Mr. Buyer. And it's 250 tons of mustard gas. I mean, I'm uncomfortable with DOD just saying a blanket no. I mean, you know one thing I've never asked, Steve and Mr. Chairman_maybe it came out_was whether we ever took chemical weapons to the Gulf. I don't even know.

Mr. Robertson. Sir, you're in a much better position to ask that question than The American Legion.

Mr. Buyer. Maybe I will submit that question, Mr. Chairman. It would be interesting to see what the answer is because whether that got us in trouble with our own chemical weapons convention would be rather kind of interesting.
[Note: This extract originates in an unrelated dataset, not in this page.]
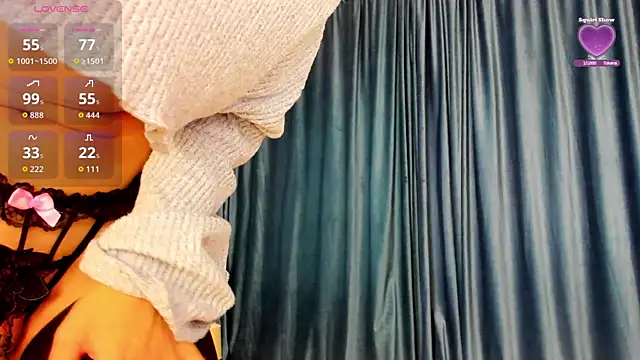 Snapshot of LaurynCopper chatting on October 2025 06:12:02 AM LaurynCopper online show from October 2025 06:12:02 AM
But I kind of threw that out there today, Mr. Chairman, because_I know we've got a vote_I threw that out there because there's a lot of evidence out there that suggests that Iraq in its relationship with Russia was close and that they had a lot of biological/chemical weapons capabilities, even with what we, the United States, were doing with some dual-use things at the time that we don't like to talk about. But to say a blanket no from the DOD is rather alarming because we should keep all the options open.

Thank you, Mr. Chairman.

Mr. Hutchinson. Thank you, Steve. And you're right. We do have a vote. Mr. Robertson, I want to thank you for your testimony.

Mr. Bachus. Can I ask one question to the VA about what he raised? I understand that the__

Mr. Hutchinson. Without objection.

Mr. Bachus. Is the VA hospital in Birmingham conducting some studies on chemical warfare agents or nerve gas or__

Dr. Mather. They are looking for clinical effects, effects you would expect where there has been exposure. We have no__

Mr. Bachus. Neuro-cognitive? Is that the__

Dr. Mather. Neurotoxic or nuerocognitive effects. We have no way of telling whether or not the exposures actually occurred. The studies in Birmingham are looking at whether the veterans have the kinds of signs that you would expect in the case of exposure to neurotoxic agents.

Mr. Bachus. Wouldn't that be a start to__

Mr. Hutchinson. Spencer, we're really going to have to wind it up. Why don't we submit the question?

Mr. Bachus. Can you give us the results of that?

Mr. Hutchinson. If we'll submit the question in writing, we could ask for a written response on that and make certain that you get that.

Mr. Robertson, thank you very much. And I want to thank all the witnesses today.

In particular, thanks to Mr. Edwards for his cooperation in the hearing. And I want to assure you I think you've raised important issues, and they will be monitored and pushed.

And with that, the subcommittee hearing is adjourned.

[Whereupon, the foregoing matter was concluded at 11:49 a.m.]